Des insultes, oui, mais en musique

Jim Carrey a changé et vous dit ‘fuck you homo’

Rafinha joue pour Helsinki, est Brésilien et hétérosexuel. Manifestement, le service le connait mal, hein. Mais étant donné qu’il invite son adversaire du jour à une sodomie, en bon admirateur des jésuites, comme un symbole de Laurent Nicollin.

13 thoughts on “Des insultes, oui, mais en musique

  1. C’est nulle comme insulte « homo ». Il existe tellement de mots plus sympathiques pour exprimer ses doutes sur l’orientation sexuelle d’un adversaire et, ainsi, lui manifester son mépris le plus certain.

  2. Helsinki est un club fabuleux avec des sponsors différents sur les maillots de joueurs (ou comment faire passer la pillule de devoir afficher 25 noms sans que ça se voit…)

  3. Il le corrige sur la citation de Ponce-Pilate. Il insiste et on lit très clairement sur les levres « Ecce homo, revise ton latin ».

  4. Bien vu benoit_sokal. C’est clairement une solution d’excellence pour se faire encore et toujours plus de fric.

  5. @iPee
    Eh attends, j’ai l’oeil ! héhé
    Faut dire qu’avec Nancy sur les pelouses de Liguain on a de l’entraînement…

  6. On est d’accord Gwen « Fuck you, you, mother fucker », ça a quand même un meilleur goût que ce « homo » fade et encombrant au palet.

  7. J’arrive pas a déchiffrer ce qu’il dit, c’est quand même pas fastoche un brésilien dans le championnat finlandais pour lire sur les lèvres…
    Je tente un « Omo, omo, omo, fouck you omo »
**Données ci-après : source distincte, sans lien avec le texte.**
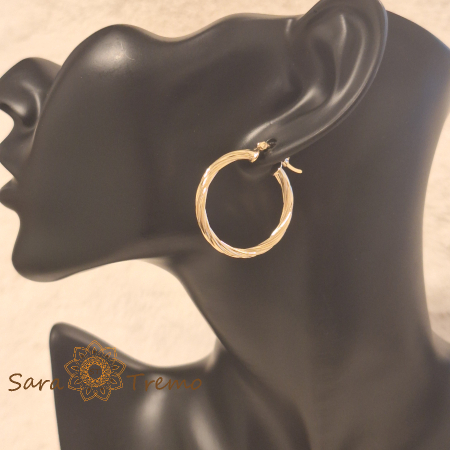 Cercei „Solea” – cercuri de aur cu eleganță braziliană [5]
  8. C’est vrai que c’est toujours marrant ces « insultes », il dit « fuck you homo » au finlandais. A la place du mec j’aurais montré mon cul et lui aurais demandé d’effectivement me refaire la rondelle. Comme un symbole de GM numero deux.

  9. Je crois qu’il en veut surtout à la marque de lessive du type et lui conseille la sienne : »OMO, OMO, OMO »

  10. Beaucoup de symboles dans cette vidéo. Je sais pas lesquels, mais ça se sent indéniablement.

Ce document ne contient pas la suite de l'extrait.